I would try to get a parenting plan in place. If your courthouse has a court facilitator (or maybe it's called something else where you live?), they can guide you to the correct paperwork, and even make sure it is filled out correctly before going before a commissioner/judge. If that didn't work, or he couldn't be located, or whatever, I would probably go to the paper....calmly share my story like Dani is saying, and see what happens. And dont forget to mention all the steps that you went through previously before the paper........the chain of command....JAG.....the police,etc.
And (I hate to say this) but I would report her kidnapped (as in taken from you) as a last resort. I would ONLY do this as a last resort and ONLY if there were no reason (ie, a court order, parenting plan, restraining order in place, and I had gone through all the hoops required of me.) and NO ONE was helping me to at least KNOW and see my child. I really hate to say that, but I probably would. Like I said, I would stop at NOTHING.

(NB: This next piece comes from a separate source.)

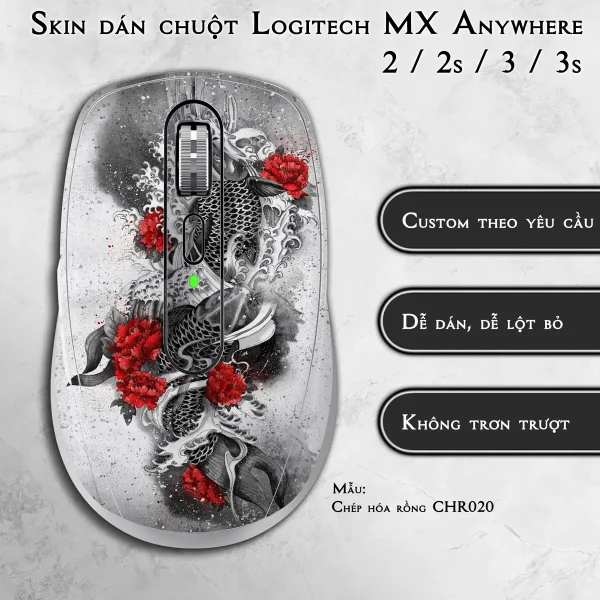 Skin dán chuột Logitech MX Anywhere mẫu Chép hóa rồng CHR020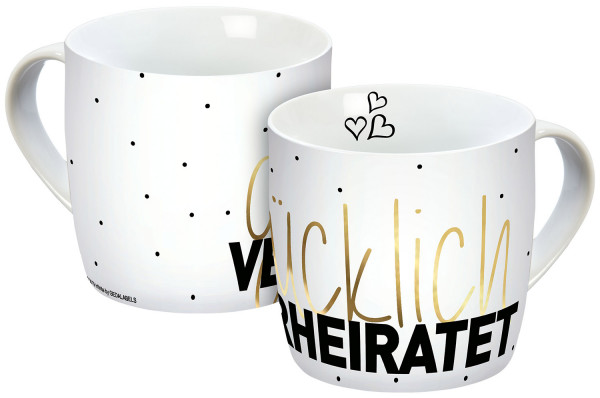 Tasse Glücklich verheiratet 300ml Echtgold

And that's if EVERYTHING you stated was exactly what it was...nothing left out, you know? doesn't seem right or fair to you or to your child. And dont do anything anything wild...lol...nothing out of emotion. NOTHING. Remember, there are things against you already, and it's my opinion that there is a soft spot for people in uniform when requesting the courts. A few of them are the most nasty disrespectful, disgusting, undeserving jerks that dont deserve jack $#@% for respect. But they still receive it, because of what they do and they can put on a uniform and stand up on two feet. Be appropriate. Be aware. And be ready to go through the process and fight to see your child.
No it's not hopeless. Dont EVER believe that. Keep trying every day to see her, never stop. One day, if you later comes before sooner, she will find you or you will find her depending on anything she has been told, and she will know that through those years you DID care about her, DID think of her, DID try to see her, DID try to find her. Who do you think she will be upset with then? Patience. But whatever you do, do it sooner rather than later. It's been a little while too long....
I can't imagine your pain that you go through every day. My heart goes out to you. Dont give up. Close your eyes and envision her the last way you saw her, the smile, the laugh, her eyes....that will keep you going.
Im so sorry.
Last edited by hopenot4gotten; June 29th, 2010 at 01:47 AM.